The Canadian dollar weakened to a two-week low against its US counterpart on Friday after tame inflation data tempered prospects for Bank of Canada interest rate hikes, but losses for the currency were pared as oil rallied more than 2 percent. Canada's annual inflation rate decreased to 1.4 percent last month from 1.6 percent in September, while a recent uptrend in the Bank of Canada's measures of core inflation stalled.
The report was slightly "dovish" due to the potential for those core measures to plateau in the near term, said Derek Holt, head of capital markets economics at Scotiabank. Chances of another rate hike by the Bank of Canada through March slipped to about 60 percent from 70 percent before the data, the overnight index swaps market indicated.
The central bank has held off from raising rates since September because of worries about a number of uncertainties for the outlook of the economy, including renegotiation of the North American Free Trade Agreement (NAFTA). A key round of talks to update NAFTA formally opened on Friday with Canada and Mexico seeking to show more flexibility about addressing hardline US demands that they had previously dismissed as unworkable.

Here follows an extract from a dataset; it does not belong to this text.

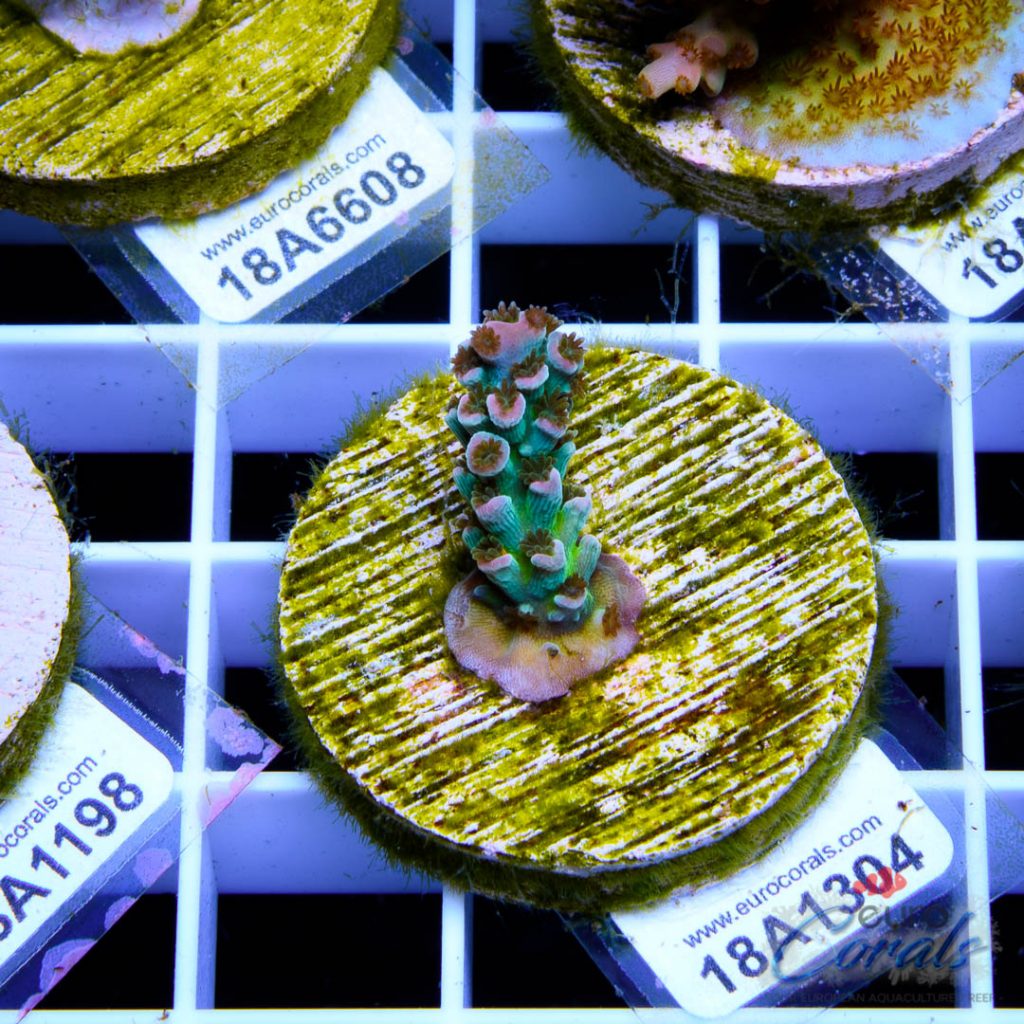 EC Homewrecker Acro RARE/LIMITED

The decision this week by Canada's central bank to add more speeches from policymakers to its schedule after an interest rate decision will not do enough to provide better forward guidance on monetary policy, analysts said. US crude oil prices settled 2.6 percent higher at $56.55 a barrel. Oil is one of Canada's major exports. At 4 pm ET (2100 GMT), the Canadian dollar was trading at C$1.2765 to the greenback, or 78.34 US cents, down 0.1 percent. It touched its weakest level since November 3 at C$1.2824.
For the week, the loonie fell 0.6 percent. Speculators have cut bullish bets on the Canadian dollar, data from the US Commodity Futures Trading Commission and Reuters calculations showed. As of November 14, net long positions had slipped to 47,335 contracts from 50,889 a week earlier. In October, bullish bets had reached 76,392 contracts, the highest in five years.
Canadian government bond prices were higher across the yield curve, with the two-year up 4.5 Canadian cents to yield 1.457 percent and the 10-year rising 31 Canadian cents to yield 1.936 percent. The gap between Canada's 2-year yield and its US equivalent widened by 3.6 basis points to a spread of -26.8 basis points.